L'époque hellénistique voit s'accroître son déclin. L'orgueilleuse cité qui ne comptait pour son salut que sur la bravoure de ses soldats doit, en 317, se ceindre de remparts, qu'elle ne cessera de renforcer. Ses ennemis d'antan, les Arcadiens et Argos, montrent une grande énergie contre elle. Elle s'acharne en vain à susciter des coalitions contre une Macédoine dont les forces sont sans proportion avec les siennes.
Parallèlement, la crise interne s'amplifie. Malgré le maintien apparent de ses institutions, Sparte n'est guère différente des autres cités de Grèce : le nombre de ses citoyens diminue au détriment de sa puissance militaire, tandis qu'augmente celui des inférieurs misérablement endettés ; la terre se concentre en quelques mains ; d'immenses fortunes voisinent avec la plus extrême pauvreté.
Cependant, le poids d'un passé si glorieux suscite de grandes ambitions chez des rois qui vont se poser en réformateurs.
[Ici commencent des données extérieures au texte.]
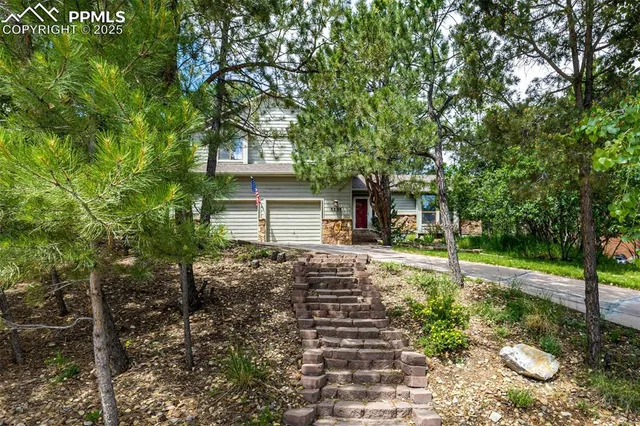 a view of a house with yard and tree s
Agis IV annule les dettes et médite un plus vaste programme social, mais il périt assassiné. Cléomènès III va plus loin : il abolit les dettes, partage la terre en quatre mille lots, fait entrer des inférieurs et des périèques dans le corps civique, autorise des hilotes à racheter leur liberté. Il reconstitue la puissance militaire de Sparte et remporte de grands succès dans le Péloponnèse ; mais il est vaincu à la bataille de Sellasie (222) où il s'oppose à la coalition de la ligue achéenne et de la Macédoine. Son œuvre est reprise dans un sens plus radical encore par le tyran Nabis ; mais Sparte n'a plus la force de lutter contre ses ennemis, auxquels Rome apporte un soutien décisif : le meurtre de Nabis par les Ét […]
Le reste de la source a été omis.